§ REQUIRED WORK
Look through the data below for the line with "Once you identify", and transcribe it exactly together with each line after it up to and including the line with "All the things". Give nothing else.

§ DATASET RECORDS
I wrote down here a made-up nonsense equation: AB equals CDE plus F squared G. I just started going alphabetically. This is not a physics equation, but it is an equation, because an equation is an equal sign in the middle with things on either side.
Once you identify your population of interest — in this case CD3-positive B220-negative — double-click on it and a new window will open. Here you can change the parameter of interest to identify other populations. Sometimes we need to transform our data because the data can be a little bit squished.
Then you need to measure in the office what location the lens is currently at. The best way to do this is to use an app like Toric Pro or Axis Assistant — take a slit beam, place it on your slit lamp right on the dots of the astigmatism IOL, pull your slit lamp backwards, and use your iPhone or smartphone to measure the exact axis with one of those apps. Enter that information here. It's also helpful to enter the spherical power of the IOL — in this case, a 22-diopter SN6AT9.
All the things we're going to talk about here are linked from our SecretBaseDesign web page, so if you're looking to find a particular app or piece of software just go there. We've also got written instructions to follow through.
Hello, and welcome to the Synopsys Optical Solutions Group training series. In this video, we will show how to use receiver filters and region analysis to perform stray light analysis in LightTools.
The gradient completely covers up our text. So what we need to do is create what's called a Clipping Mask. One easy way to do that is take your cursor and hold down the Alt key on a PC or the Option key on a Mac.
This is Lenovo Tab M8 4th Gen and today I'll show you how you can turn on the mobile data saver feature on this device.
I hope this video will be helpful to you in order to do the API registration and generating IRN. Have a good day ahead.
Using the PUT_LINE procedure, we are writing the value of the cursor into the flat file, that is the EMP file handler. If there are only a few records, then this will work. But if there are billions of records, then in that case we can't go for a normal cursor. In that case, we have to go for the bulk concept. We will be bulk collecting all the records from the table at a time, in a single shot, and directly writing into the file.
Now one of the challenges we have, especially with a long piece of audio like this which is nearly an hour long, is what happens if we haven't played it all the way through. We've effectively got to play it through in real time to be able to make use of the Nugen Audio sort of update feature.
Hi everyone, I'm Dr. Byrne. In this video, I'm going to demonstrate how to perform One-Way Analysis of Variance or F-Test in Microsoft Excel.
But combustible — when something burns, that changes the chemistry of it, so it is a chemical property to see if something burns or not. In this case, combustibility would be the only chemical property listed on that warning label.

§ YOUR SOLUTION
Once you identify your population of interest — in this case CD3-positive B220-negative — double-click on it and a new window will open. Here you can change the parameter of interest to identify other populations. Sometimes we need to transform our data because the data can be a little bit squished.
Then you need to measure in the office what location the lens is currently at. The best way to do this is to use an app like Toric Pro or Axis Assistant — take a slit beam, place it on your slit lamp right on the dots of the astigmatism IOL, pull your slit lamp backwards, and use your iPhone or smartphone to measure the exact axis with one of those apps. Enter that information here. It's also helpful to enter the spherical power of the IOL — in this case, a 22-diopter SN6AT9.
All the things we're going to talk about here are linked from our SecretBaseDesign web page, so if you're looking to find a particular app or piece of software just go there. We've also got written instructions to follow through.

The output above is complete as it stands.